── DATA ──

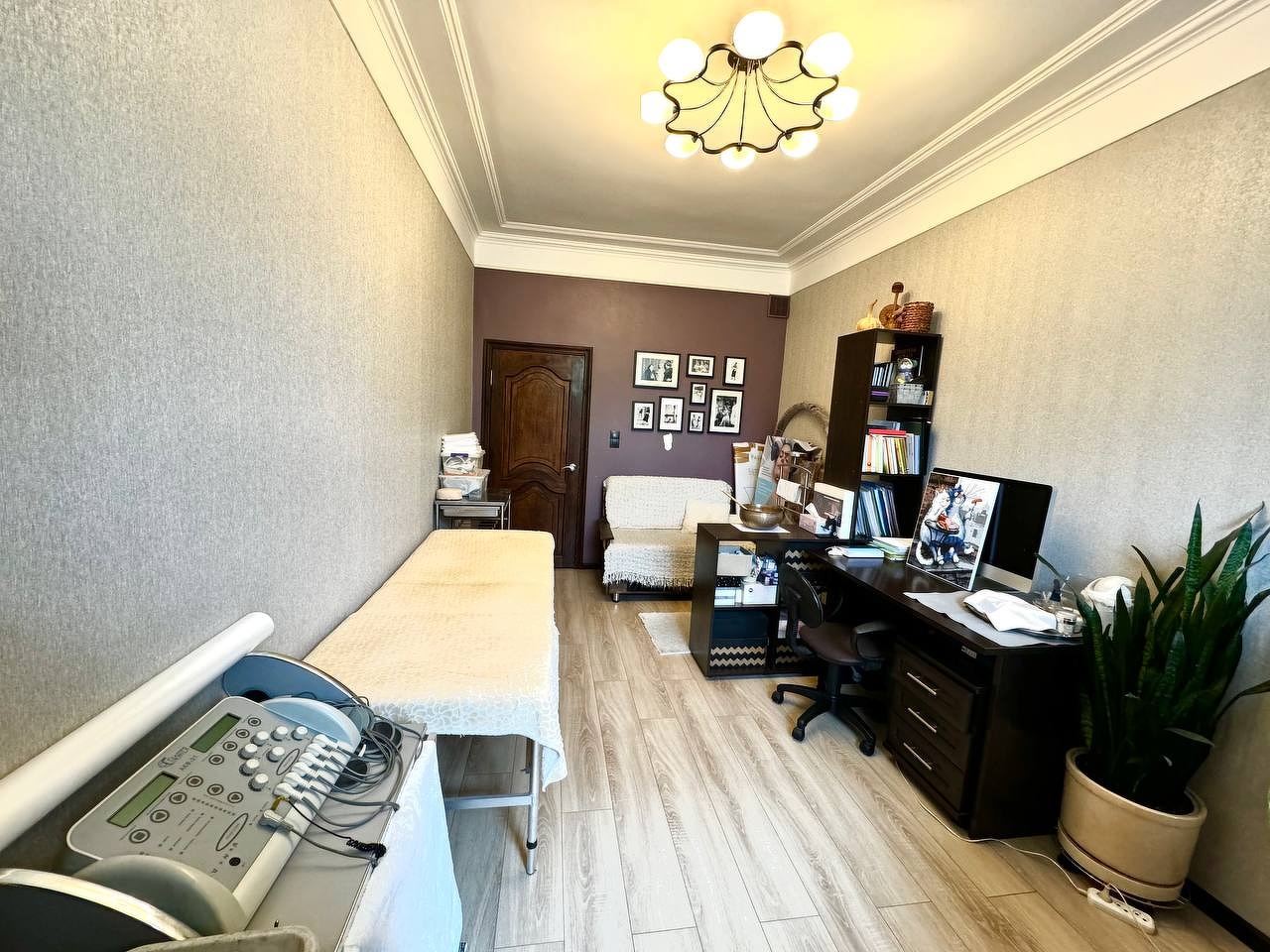 Apartments for Sale in Бутырская, Москва - Buy Flats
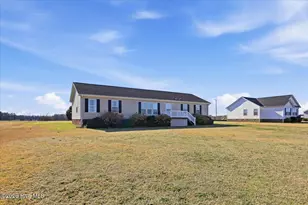 461 Ralph Dail Rd, Mount Olive, NC 28365 - Photo 2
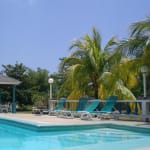 Hotel White Sands Negril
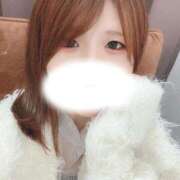 ヒメ日記 2025/11/22 11:39 投稿 つき 東京リップ 秋葉原店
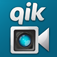 *SPECIAL PROMO* - Download the latest version and automatically receive Qik Premium functionality on your iPhone/iPad for free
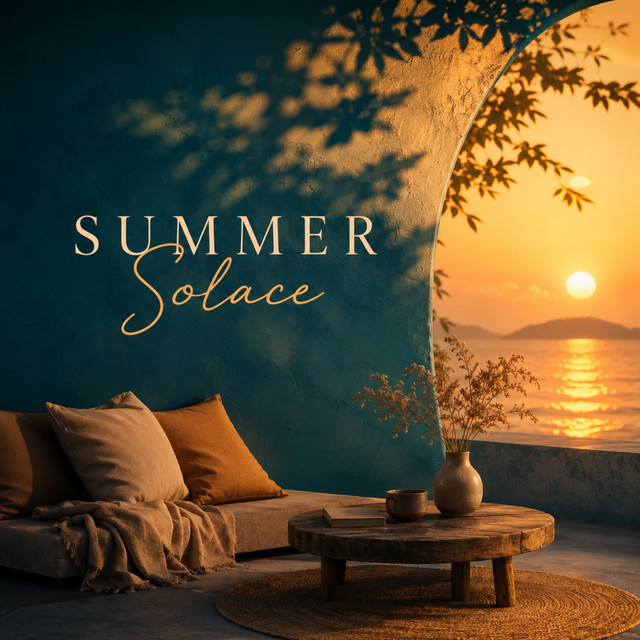 Summer Solace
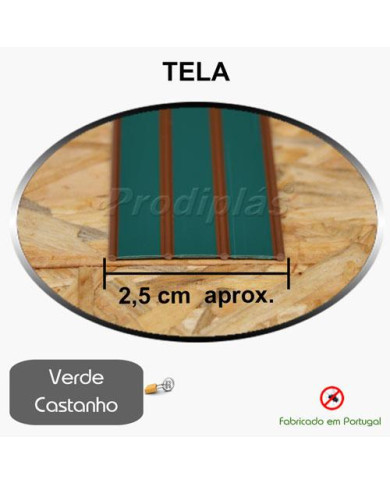 Tela Medida Especial_Nº870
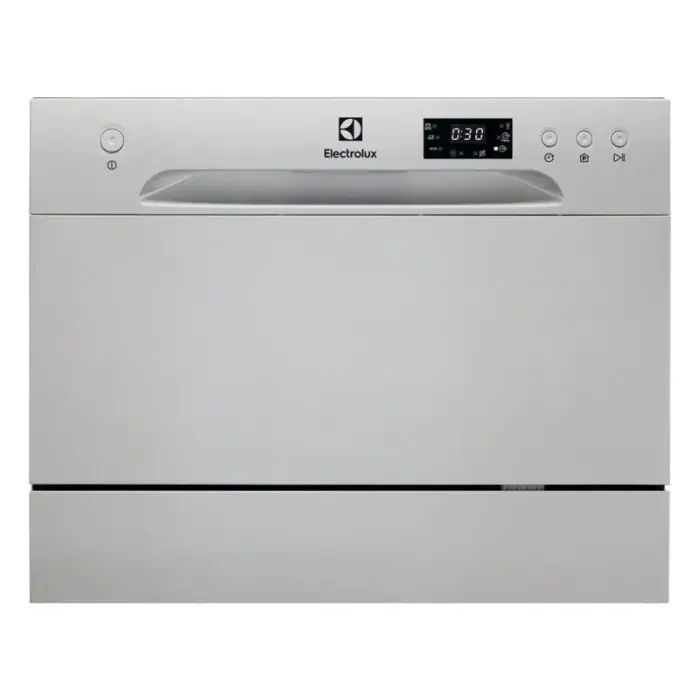 ELECTROLUX ESF 2400 OS Dishwasher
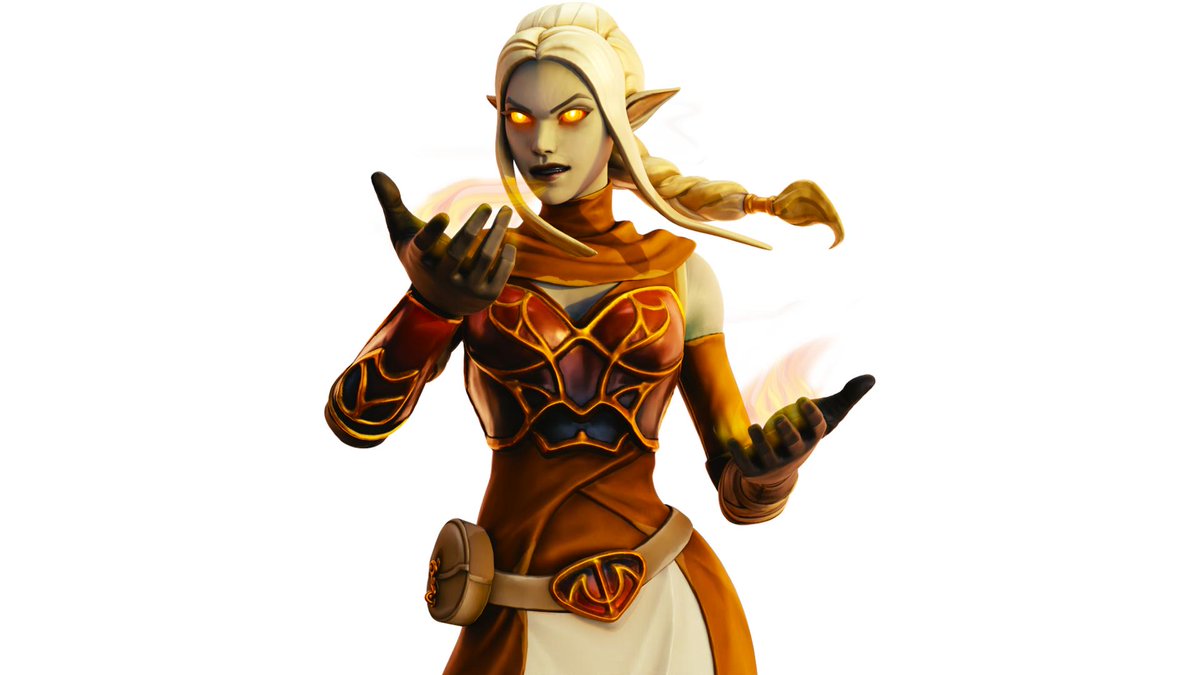 evade ap on twitter fire elf free render i need to work on dah fire hd link https t co hkr4diwq8q grindingforchronic fearchronic fortnite - mega nz fortnite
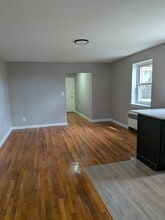 1282 Clinton Ave in Irvington, NJ - Building Photo - Building Photo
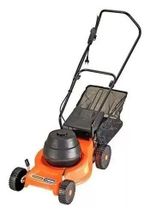 LAMINA FACA CORTADOR GRAMA TRAMONTINA  CE40M CE40P 78795/421 MODELO ANTIGO  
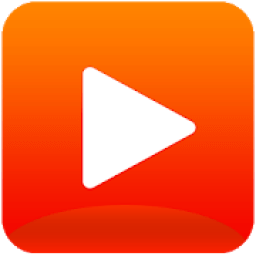 Brave HD Video Player आइकन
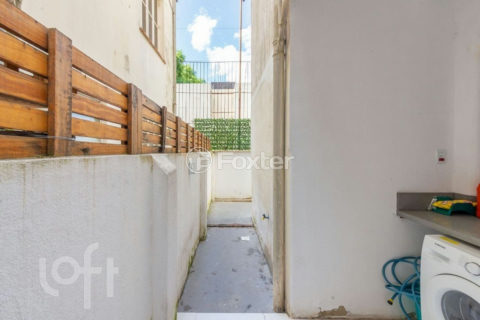 Image 15 - 908173
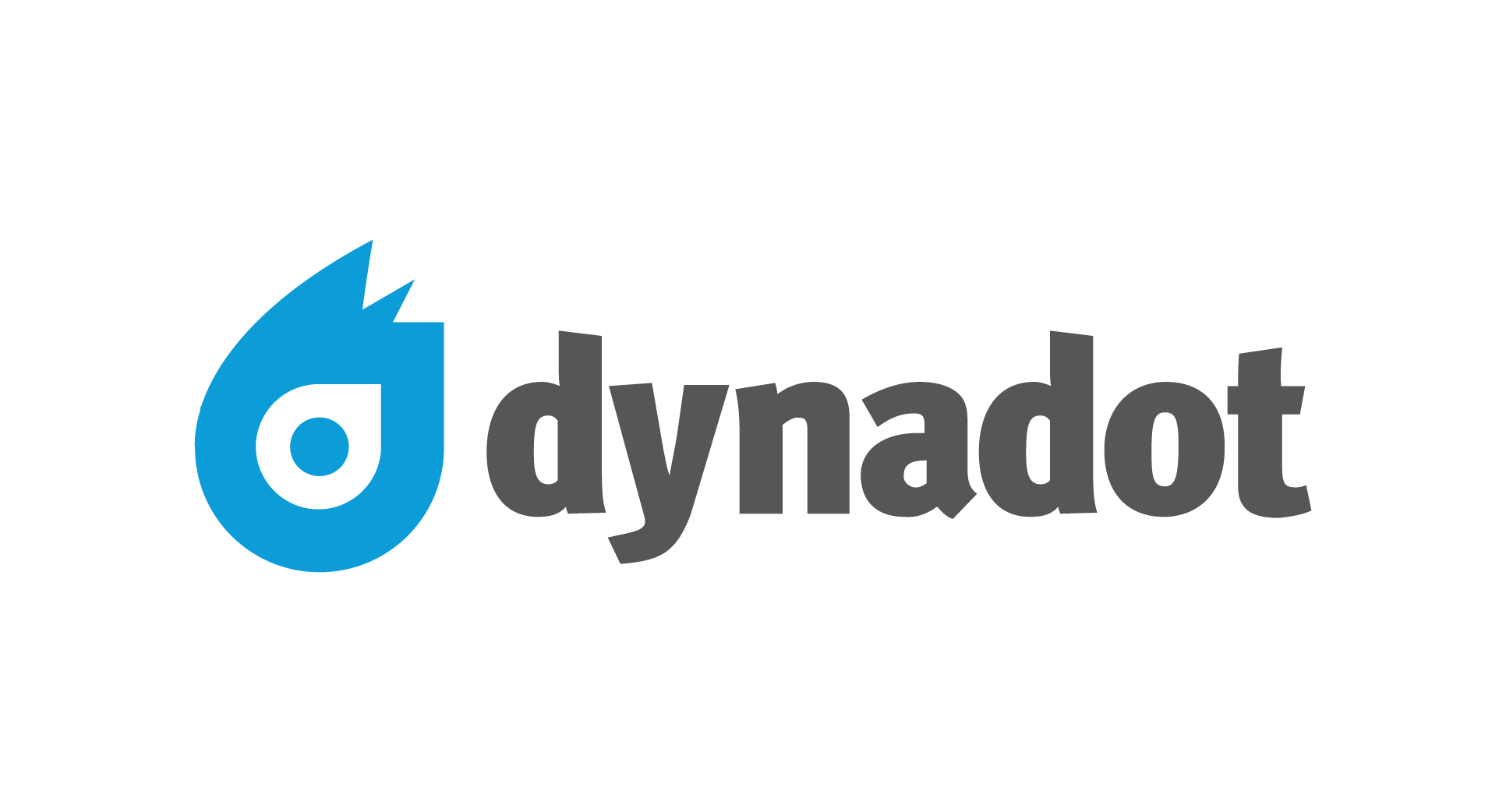 Dynadot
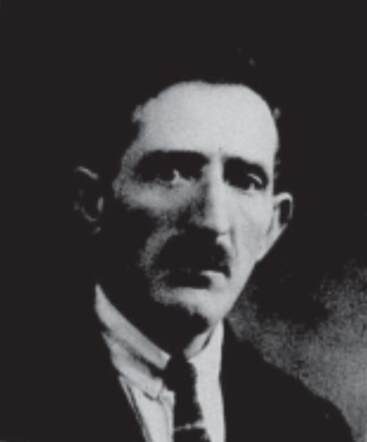 Jacob Dresden 1926 Felixarchief.JPG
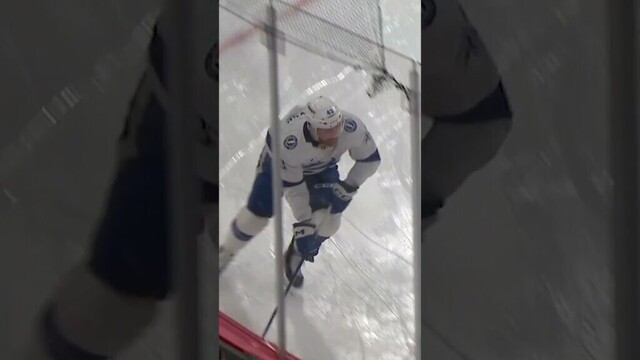 Laine is such an Aries ♈️🔥🥊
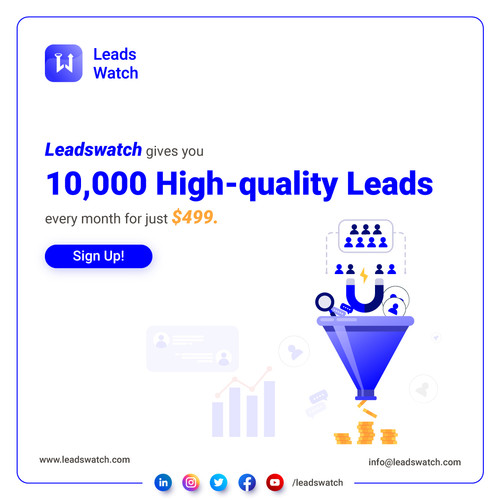 inbound lead generation.jpg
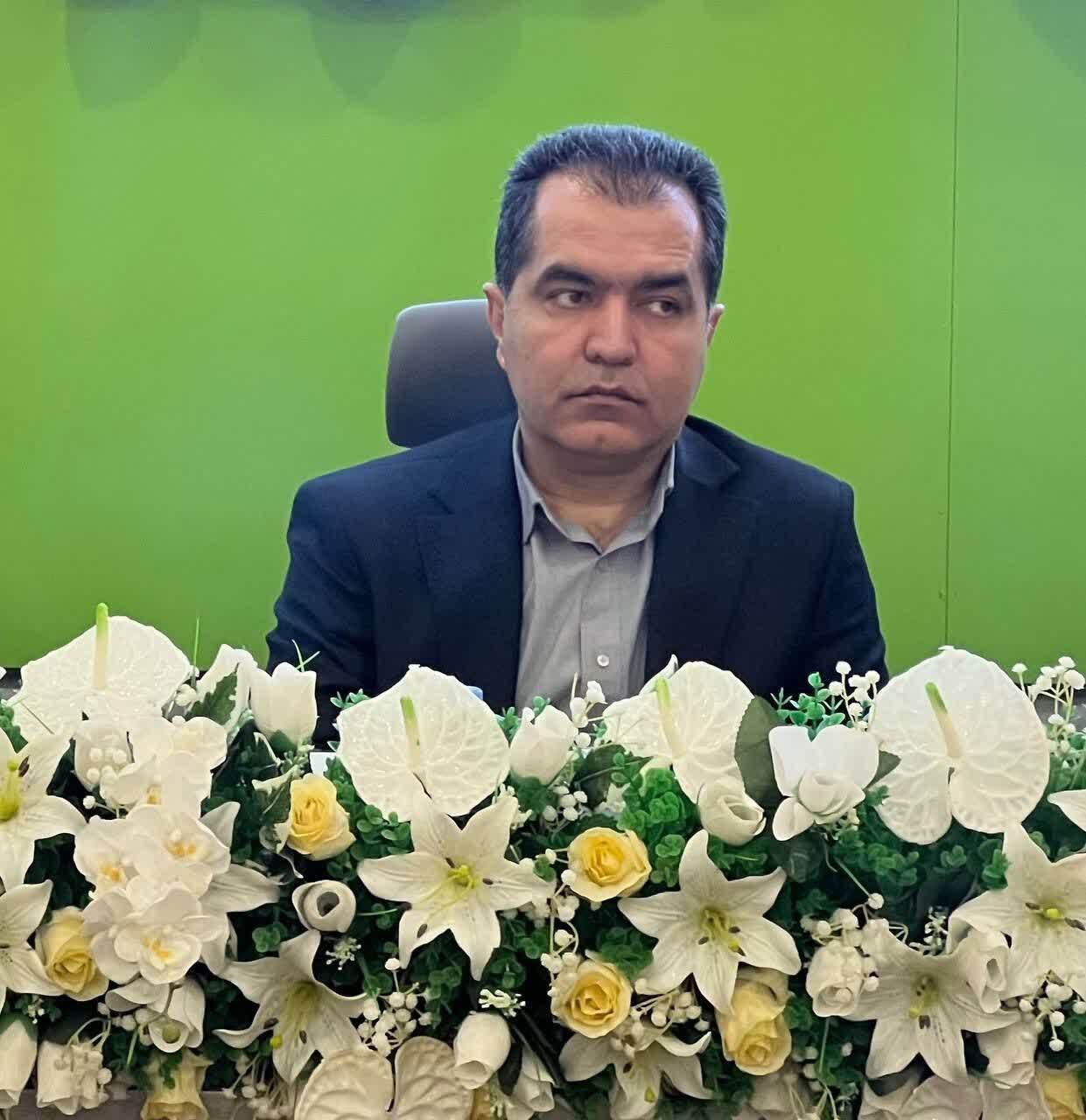 سالانه تنها چهار هزار میلیارد ریال زکات محقق میشود سالانه تنها چهار هزار میلیارد ریال زکات محقق میشود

───

> [DIRECTIONS]
This exercise asks for the data above to be given again exactly, without pictures.

> [SOLUTION FOR THIS TASK]
 Apartments for Sale in Бутырская, Москва - Buy Flats
 461 Ralph Dail Rd, Mount Olive, NC 28365 - Photo 2
 Hotel White Sands Negril
 ヒメ日記 2025/11/22 11:39 投稿 つき 東京リップ 秋葉原店
 *SPECIAL PROMO* - Download the latest version and automatically receive Qik Premium functionality on your iPhone/iPad for free
 Summer Solace
 Tela Medida Especial_Nº870
 ELECTROLUX ESF 2400 OS Dishwasher
 evade ap on twitter fire elf free render i need to work on dah fire hd link https t co hkr4diwq8q grindingforchronic fearchronic fortnite - mega nz fortnite
 1282 Clinton Ave in Irvington, NJ - Building Photo - Building Photo
 LAMINA FACA CORTADOR GRAMA TRAMONTINA  CE40M CE40P 78795/421 MODELO ANTIGO  
 Brave HD Video Player आइकन
 Image 15 - 908173
 Dynadot
 Jacob Dresden 1926 Felixarchief.JPG
 Laine is such an Aries ♈️🔥🥊
 inbound lead generation.jpg
 سالانه تنها چهار هزار میلیارد ریال زکات محقق میشود سالانه تنها چهار هزار میلیارد ریال زکات محقق میشود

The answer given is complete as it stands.